Subfascial hypertension syndrome, compression or damage to the main vessel by a bone fragment can lead to the development of gangrene of the limb, thrombosis of venous and arterial vessels, insufficient blood supply to the limb, Volkmann contracture, and, if the nerves are damaged, to paralysis, paresis. With closed fractures, suppuration of the hematoma rarely occurs.

For open fractures

the most common complications are superficial or deep suppuration of the wound, osteomyelitis, anaerobic infection develops much less frequently.

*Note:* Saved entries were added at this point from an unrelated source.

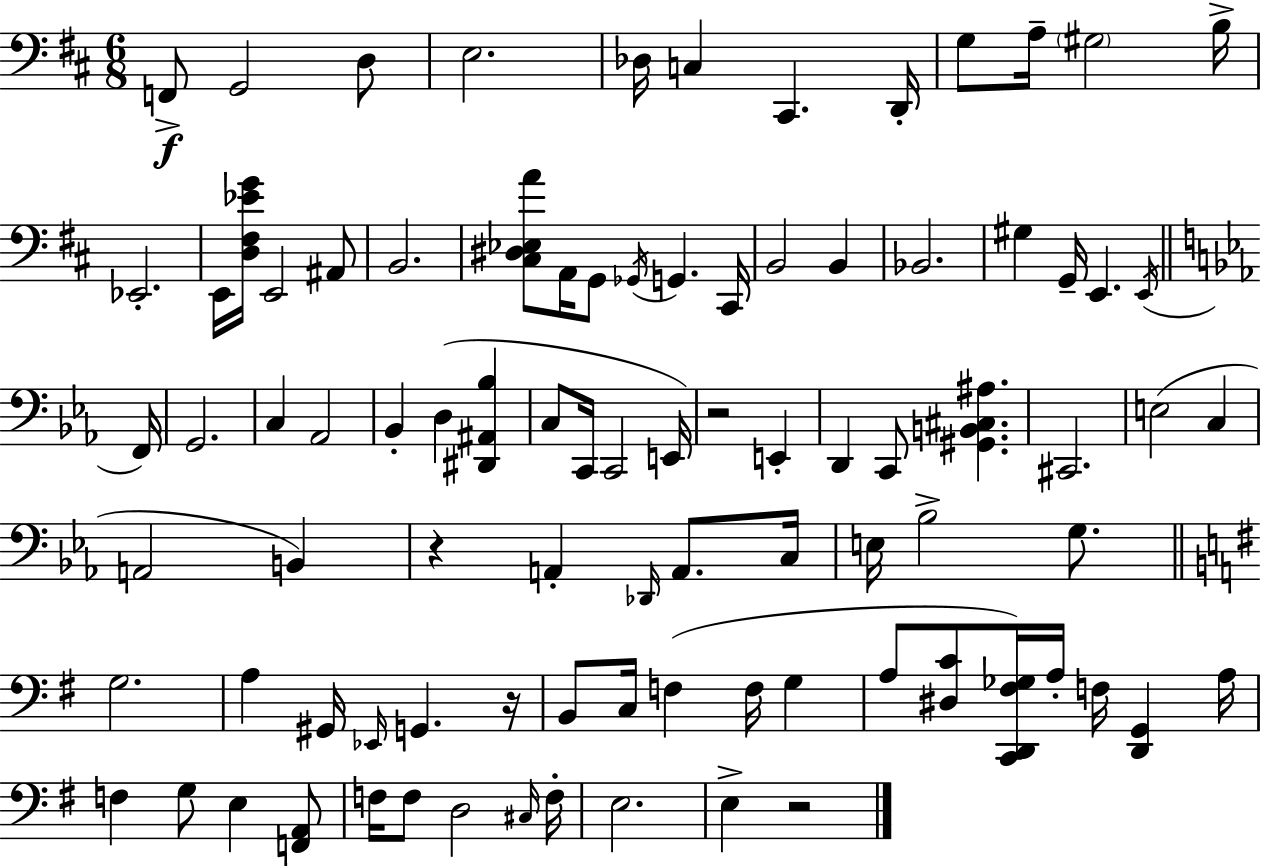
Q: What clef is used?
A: bass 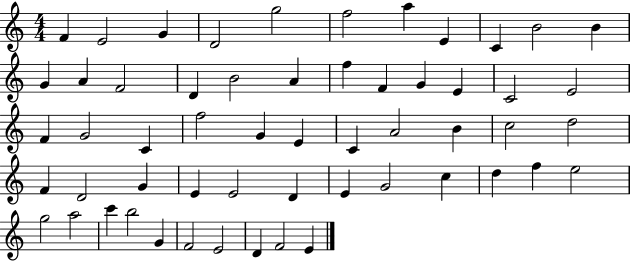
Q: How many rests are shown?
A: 0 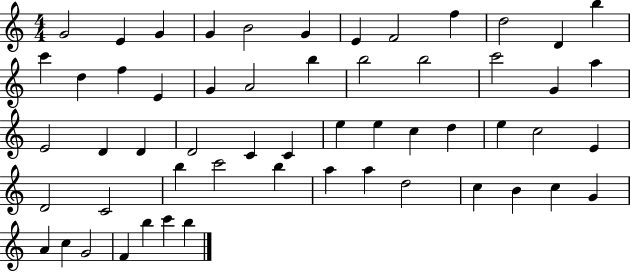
X:1
T:Untitled
M:4/4
L:1/4
K:C
G2 E G G B2 G E F2 f d2 D b c' d f E G A2 b b2 b2 c'2 G a E2 D D D2 C C e e c d e c2 E D2 C2 b c'2 b a a d2 c B c G A c G2 F b c' b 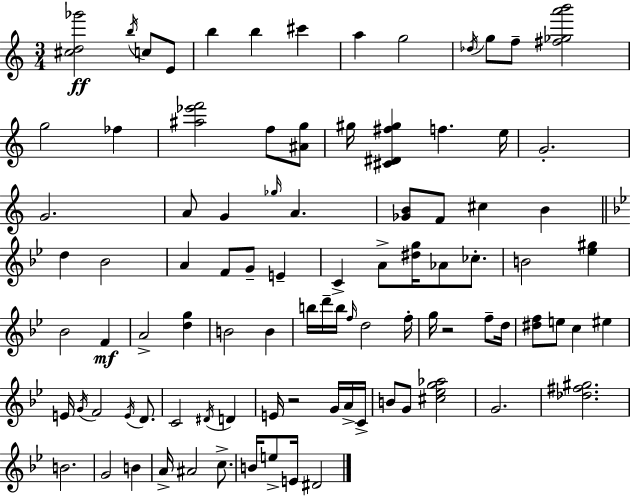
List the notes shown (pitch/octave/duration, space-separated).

[C#5,D5,Gb6]/h B5/s C5/e E4/e B5/q B5/q C#6/q A5/q G5/h Db5/s G5/e F5/e [F#5,Gb5,A6,B6]/h G5/h FES5/q [A#5,Eb6,F6]/h F5/e [A#4,G5]/e G#5/s [C#4,D#4,F#5,G#5]/q F5/q. E5/s G4/h. G4/h. A4/e G4/q Gb5/s A4/q. [Gb4,B4]/e F4/e C#5/q B4/q D5/q Bb4/h A4/q F4/e G4/e E4/q C4/q A4/e [D#5,G5]/s Ab4/e CES5/e. B4/h [Eb5,G#5]/q Bb4/h F4/q A4/h [D5,G5]/q B4/h B4/q B5/s D6/s B5/s F5/s D5/h F5/s G5/s R/h F5/e D5/s [D#5,F5]/e E5/e C5/q EIS5/q E4/s G4/s F4/h E4/s D4/e. C4/h D#4/s D4/q E4/s R/h G4/s A4/s C4/s B4/e G4/e [C#5,Eb5,G5,Ab5]/h G4/h. [Db5,F#5,G#5]/h. B4/h. G4/h B4/q A4/s A#4/h C5/e. B4/s E5/e E4/s D#4/h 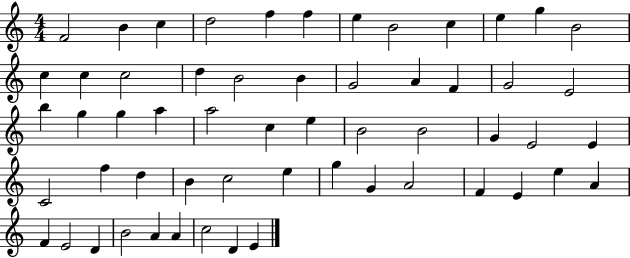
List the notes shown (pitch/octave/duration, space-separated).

F4/h B4/q C5/q D5/h F5/q F5/q E5/q B4/h C5/q E5/q G5/q B4/h C5/q C5/q C5/h D5/q B4/h B4/q G4/h A4/q F4/q G4/h E4/h B5/q G5/q G5/q A5/q A5/h C5/q E5/q B4/h B4/h G4/q E4/h E4/q C4/h F5/q D5/q B4/q C5/h E5/q G5/q G4/q A4/h F4/q E4/q E5/q A4/q F4/q E4/h D4/q B4/h A4/q A4/q C5/h D4/q E4/q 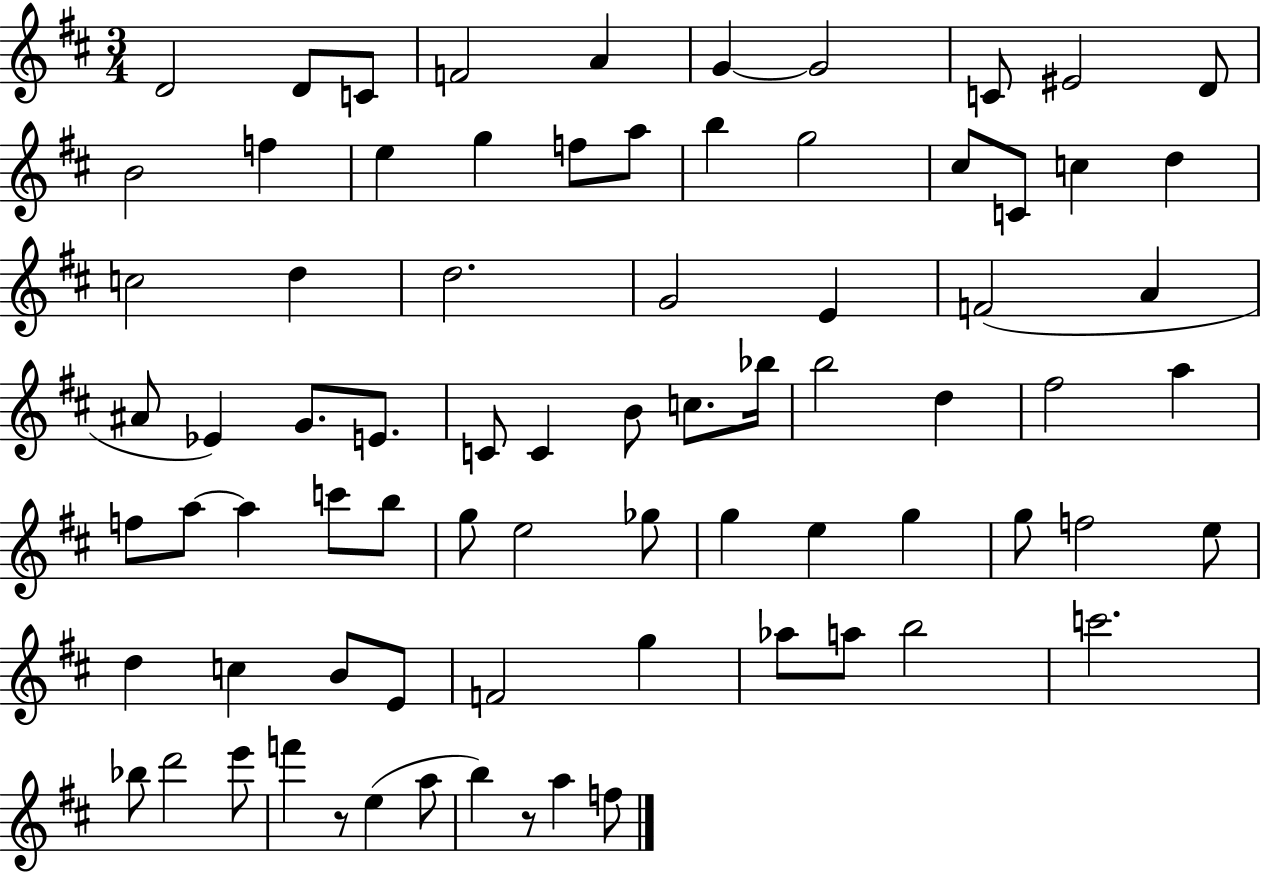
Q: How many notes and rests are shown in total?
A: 77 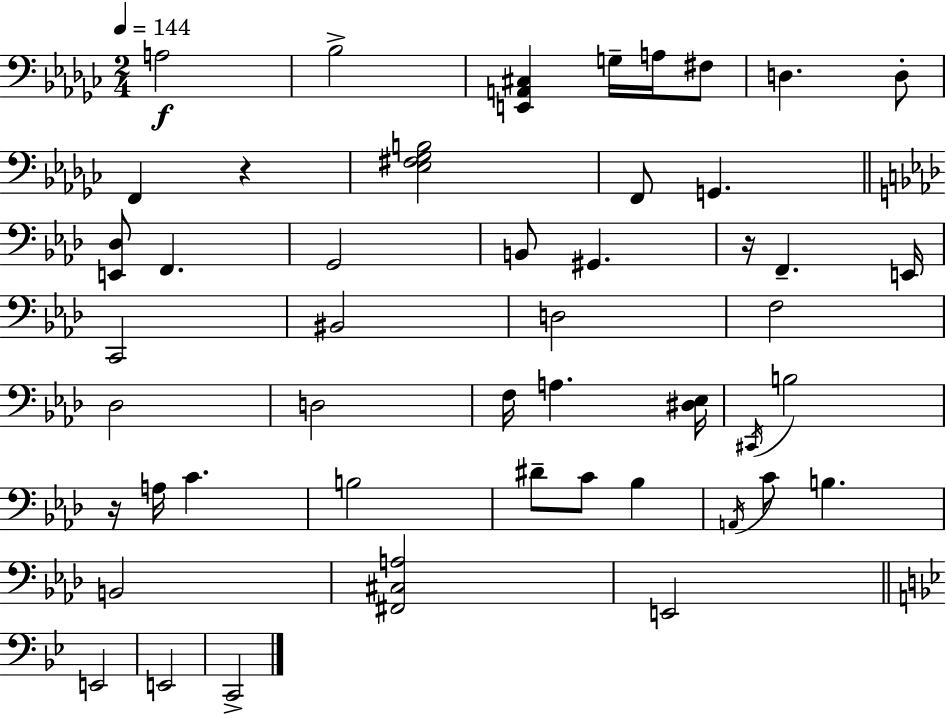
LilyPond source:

In patients with multiple, combined injuries and open fractures, along with shock, fat embolism is possible.

For fractures, accompanied by prolonged crushing of the limb, there may be a syndrome of prolonged compression with combined damage to the main vessels - anemia.

to late complications.

fractures include malunion of fragments, delayed union, non-united fractures and false joints. Often, fractures are complicated by Zudek's syndrome. In peri- and intra-articular fractures, the most common complications are the formation of heterotopic para-articular ossifications, post-traumatic deforming arthrosis, contractures, and post-traumatic edema.

Dislocations.

Under the influence of acute or chronic infection (osteomyelitis, tuberculosis), destruction of one or both articular surfaces can occur, as a result of which the articular head is displaced relative to the articular cavity, subluxation develops, and sometimes complete dislocation. The development of a tumor in the head of the bone or in the articular cavity also disrupts the normal ratio of the articular surfaces: the enlarged head cannot fit in the articular cavity and gradually leaves it. Sprain of the ligaments of the joint during its dropsy or after an injury leads to a violation of the normal position of the articular ends of the bone, and with a slight influence of an external force, the articular surfaces can easily be displaced. Violation of the muscular apparatus of the joint (paralysis and muscle atrophy) can also contribute to the development of pathological dislocations; dislocations or subluxations can also occur due to paralysis of one muscle group while maintaining the normal strength of the antagonists.